Records shown →
BEGIN

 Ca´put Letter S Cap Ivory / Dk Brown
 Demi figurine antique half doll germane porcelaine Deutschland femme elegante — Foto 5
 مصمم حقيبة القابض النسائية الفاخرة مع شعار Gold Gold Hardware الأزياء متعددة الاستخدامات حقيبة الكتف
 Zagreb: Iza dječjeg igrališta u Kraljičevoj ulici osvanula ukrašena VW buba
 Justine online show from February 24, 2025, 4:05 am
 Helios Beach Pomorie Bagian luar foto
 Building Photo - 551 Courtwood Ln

END
BEGIN

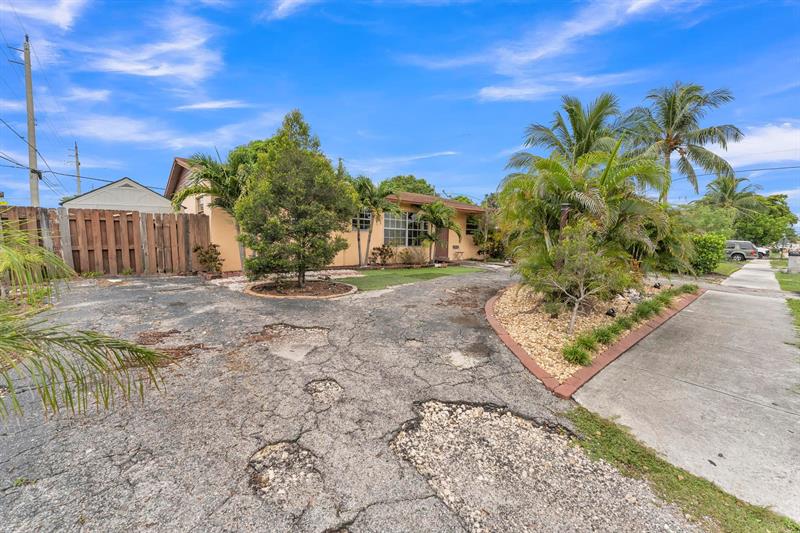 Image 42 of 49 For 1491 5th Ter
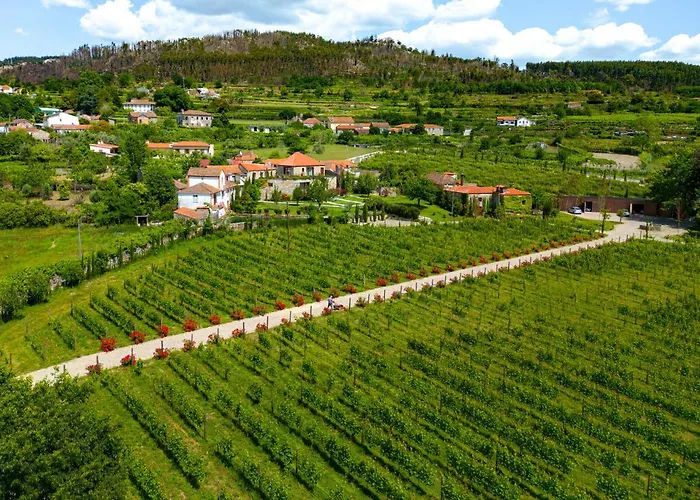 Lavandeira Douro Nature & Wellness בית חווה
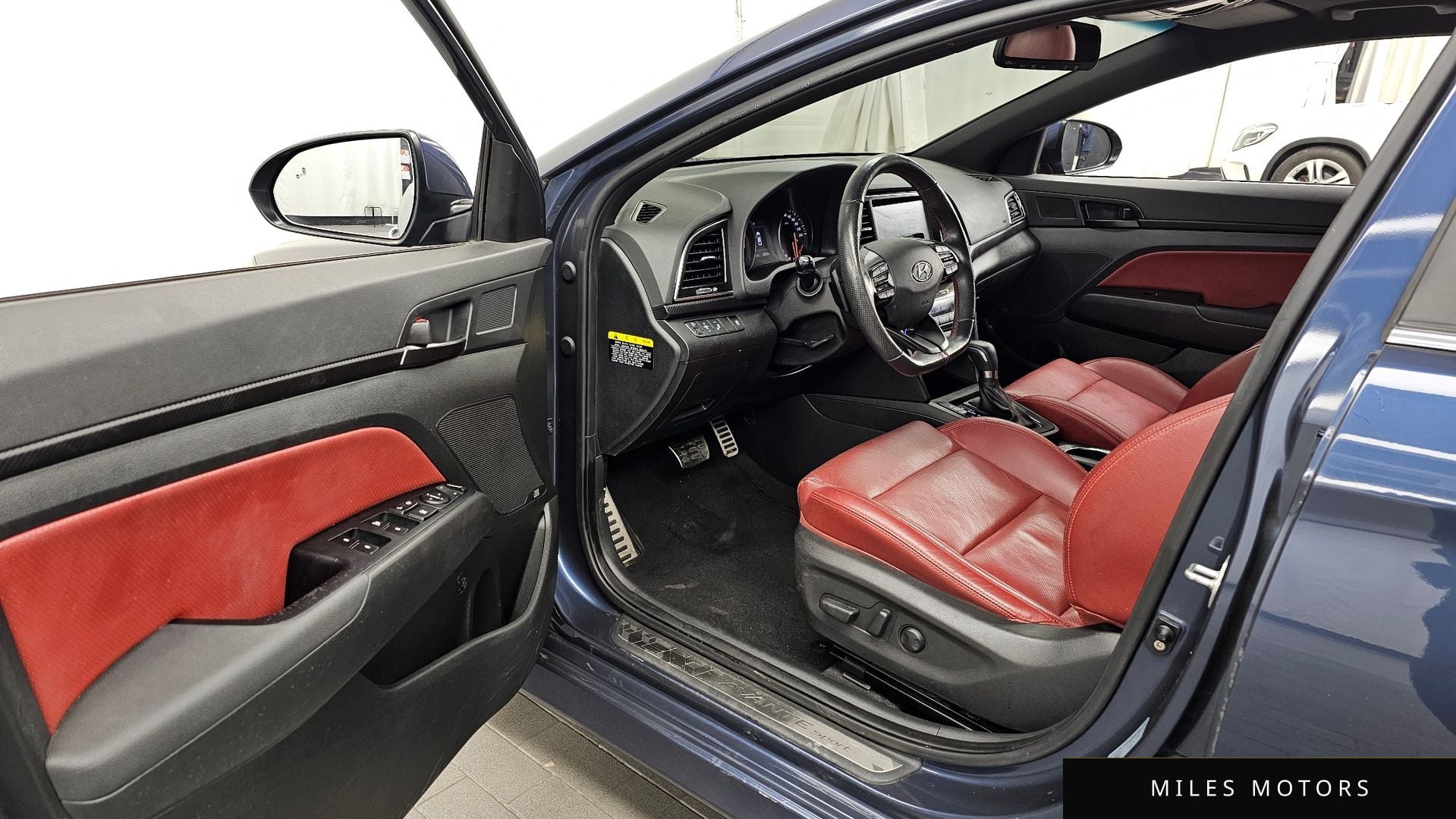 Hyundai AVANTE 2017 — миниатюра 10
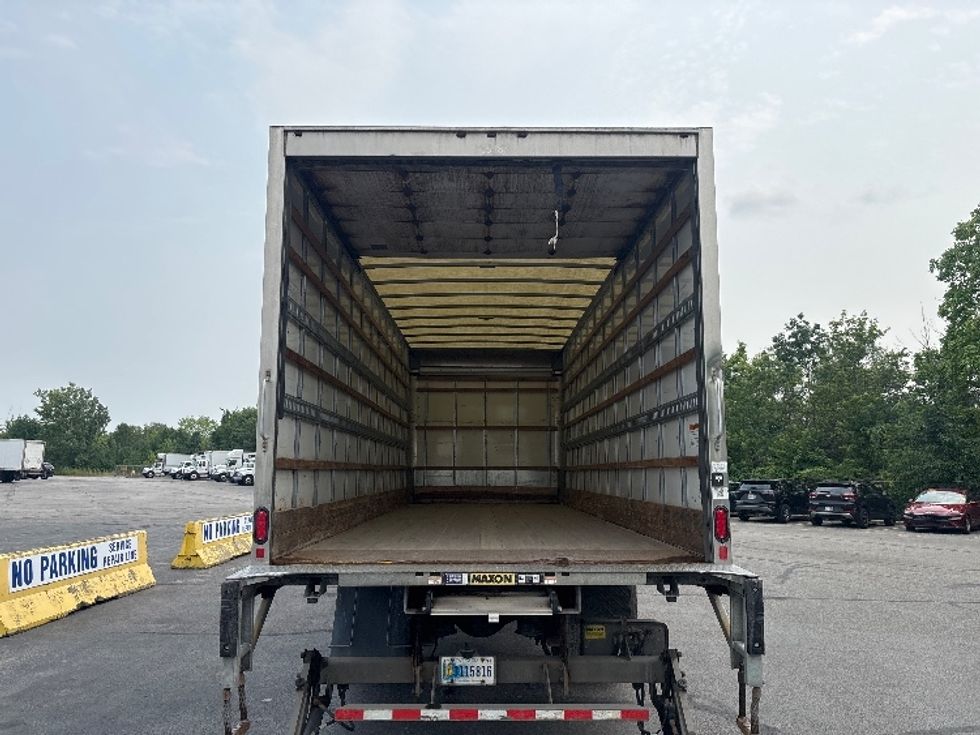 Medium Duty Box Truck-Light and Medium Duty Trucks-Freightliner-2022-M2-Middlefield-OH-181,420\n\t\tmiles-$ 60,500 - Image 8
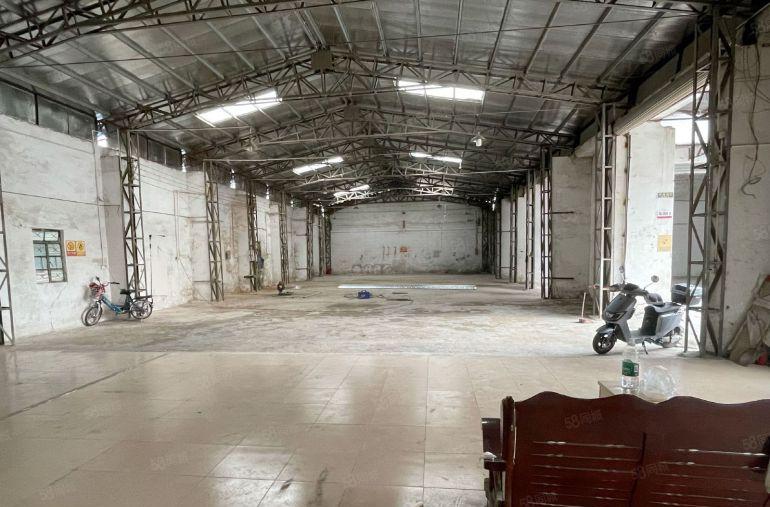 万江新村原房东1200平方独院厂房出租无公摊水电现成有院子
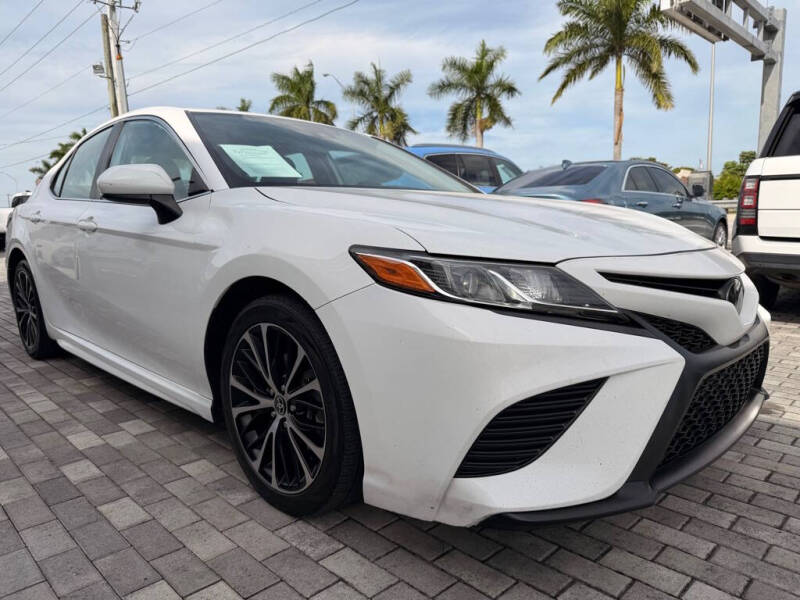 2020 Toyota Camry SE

END
BEGIN

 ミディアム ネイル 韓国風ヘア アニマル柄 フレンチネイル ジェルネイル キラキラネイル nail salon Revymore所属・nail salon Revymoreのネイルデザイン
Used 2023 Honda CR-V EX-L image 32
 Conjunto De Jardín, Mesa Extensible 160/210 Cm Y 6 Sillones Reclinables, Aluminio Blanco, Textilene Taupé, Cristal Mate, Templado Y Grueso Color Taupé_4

END

Task to carry out → From the records above, print exactly the lines that run from the line with "Zagreb: Iza dječjeg" to the line with "Building Photo - 551 Courtwood Ln", inclusive.

Reply to the task →
 Zagreb: Iza dječjeg igrališta u Kraljičevoj ulici osvanula ukrašena VW buba
 Justine online show from February 24, 2025, 4:05 am
 Helios Beach Pomorie Bagian luar foto
 Building Photo - 551 Courtwood Ln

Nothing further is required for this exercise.